17. Non-Uniform Memory Access (NUMA) Architecture Platforms
Systems employing a Non Uniform Memory Access (NUMA) architecture contain collections of hardware resources including processors, memory, and I/O buses, that comprise what is commonly known as a “NUMA node”. Two or more NUMA nodes are linked to each other via a high-speed interconnect. Processor accesses to memory or I/O resources within the local NUMA node are generally faster than processor accesses to memory or I/O resources outside of the local NUMA node, accessed via the node interconnect. ACPI defines interfaces that allow the platform to convey NUMA node topology information to OSPM both statically at boot time and dynamically at run time as resources are added or removed from the system.

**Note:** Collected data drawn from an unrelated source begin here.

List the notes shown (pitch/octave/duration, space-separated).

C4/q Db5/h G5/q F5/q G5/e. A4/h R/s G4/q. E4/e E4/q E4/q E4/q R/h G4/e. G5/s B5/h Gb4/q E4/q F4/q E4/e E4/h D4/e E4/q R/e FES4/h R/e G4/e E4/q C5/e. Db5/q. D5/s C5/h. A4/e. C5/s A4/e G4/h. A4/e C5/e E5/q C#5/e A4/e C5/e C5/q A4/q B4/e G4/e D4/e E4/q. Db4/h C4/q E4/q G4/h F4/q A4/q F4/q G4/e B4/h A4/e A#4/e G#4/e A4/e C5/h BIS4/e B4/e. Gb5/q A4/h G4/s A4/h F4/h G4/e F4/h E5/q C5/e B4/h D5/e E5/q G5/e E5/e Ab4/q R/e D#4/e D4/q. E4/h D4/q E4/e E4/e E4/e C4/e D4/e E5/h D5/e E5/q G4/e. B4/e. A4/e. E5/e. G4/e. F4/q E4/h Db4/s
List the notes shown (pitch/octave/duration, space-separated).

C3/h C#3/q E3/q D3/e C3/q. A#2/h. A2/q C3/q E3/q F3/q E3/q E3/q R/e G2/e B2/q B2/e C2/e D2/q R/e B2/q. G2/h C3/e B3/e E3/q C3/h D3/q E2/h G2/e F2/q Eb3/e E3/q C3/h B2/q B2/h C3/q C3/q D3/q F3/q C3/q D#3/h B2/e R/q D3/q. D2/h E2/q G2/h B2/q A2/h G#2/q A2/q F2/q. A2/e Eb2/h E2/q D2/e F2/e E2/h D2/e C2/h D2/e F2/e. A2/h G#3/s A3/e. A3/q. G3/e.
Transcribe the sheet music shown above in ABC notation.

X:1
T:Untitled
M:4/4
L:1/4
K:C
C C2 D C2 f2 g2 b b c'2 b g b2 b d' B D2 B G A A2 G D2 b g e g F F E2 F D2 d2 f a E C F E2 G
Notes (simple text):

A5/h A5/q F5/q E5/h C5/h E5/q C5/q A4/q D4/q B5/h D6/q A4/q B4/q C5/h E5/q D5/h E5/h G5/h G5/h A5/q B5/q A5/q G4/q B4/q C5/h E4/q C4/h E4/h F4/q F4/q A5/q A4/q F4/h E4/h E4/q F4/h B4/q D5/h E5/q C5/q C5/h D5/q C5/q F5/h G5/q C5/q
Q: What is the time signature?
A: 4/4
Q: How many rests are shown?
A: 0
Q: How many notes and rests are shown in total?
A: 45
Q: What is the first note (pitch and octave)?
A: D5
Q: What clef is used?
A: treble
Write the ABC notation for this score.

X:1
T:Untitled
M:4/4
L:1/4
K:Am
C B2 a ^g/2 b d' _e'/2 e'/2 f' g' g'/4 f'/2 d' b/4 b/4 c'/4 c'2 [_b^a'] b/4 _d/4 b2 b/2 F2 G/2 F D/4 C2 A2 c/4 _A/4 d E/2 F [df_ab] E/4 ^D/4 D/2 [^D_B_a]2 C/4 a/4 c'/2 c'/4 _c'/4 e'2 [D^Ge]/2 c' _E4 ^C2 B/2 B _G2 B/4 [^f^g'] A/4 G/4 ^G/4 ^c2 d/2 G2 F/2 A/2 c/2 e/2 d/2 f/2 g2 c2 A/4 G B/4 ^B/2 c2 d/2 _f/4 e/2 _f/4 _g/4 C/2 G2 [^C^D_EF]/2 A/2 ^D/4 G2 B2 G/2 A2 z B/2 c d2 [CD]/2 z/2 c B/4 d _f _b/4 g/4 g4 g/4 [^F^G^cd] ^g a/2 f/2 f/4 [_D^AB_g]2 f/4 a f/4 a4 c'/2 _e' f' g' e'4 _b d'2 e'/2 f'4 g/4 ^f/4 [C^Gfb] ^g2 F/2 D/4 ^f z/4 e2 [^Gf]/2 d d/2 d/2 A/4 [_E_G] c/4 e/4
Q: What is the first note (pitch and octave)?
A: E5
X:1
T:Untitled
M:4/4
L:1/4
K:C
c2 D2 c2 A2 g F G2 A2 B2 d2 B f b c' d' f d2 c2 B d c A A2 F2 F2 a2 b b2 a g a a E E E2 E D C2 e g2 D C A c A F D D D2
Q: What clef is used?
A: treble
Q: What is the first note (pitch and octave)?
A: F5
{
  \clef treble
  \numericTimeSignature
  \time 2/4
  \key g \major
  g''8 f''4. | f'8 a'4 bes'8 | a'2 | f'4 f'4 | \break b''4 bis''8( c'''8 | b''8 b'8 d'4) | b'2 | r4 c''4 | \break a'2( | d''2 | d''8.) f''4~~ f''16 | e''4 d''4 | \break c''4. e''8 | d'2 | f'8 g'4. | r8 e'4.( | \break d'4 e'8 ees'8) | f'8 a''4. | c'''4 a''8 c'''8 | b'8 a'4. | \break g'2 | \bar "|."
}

In addition, devices such as coherent accelerators, coherent memory devices, or coherent switches can describe their NUMA characteristics information to OSPM or to system firmware using the Coherent Device Attribute Table (CDAT) structures. For more information, see the CDAT reference link at http://uefi.org/acpi, under the heading “Coherent Device Attribute Table (CDAT) Specification”.
17.1. NUMA Node
A conceptual model for a node in a NUMA configuration may contain one or more of the following components:
Processor
Memory
I/O Resources
Networking, Storage
Chipset
The components defined as part of the model are intended to represent all possible components of a NUMA node. A specific node in an implementation of a NUMA platform may not provide all of these components. At a minimum, each node must have a chipset with an interface to the interconnect between nodes.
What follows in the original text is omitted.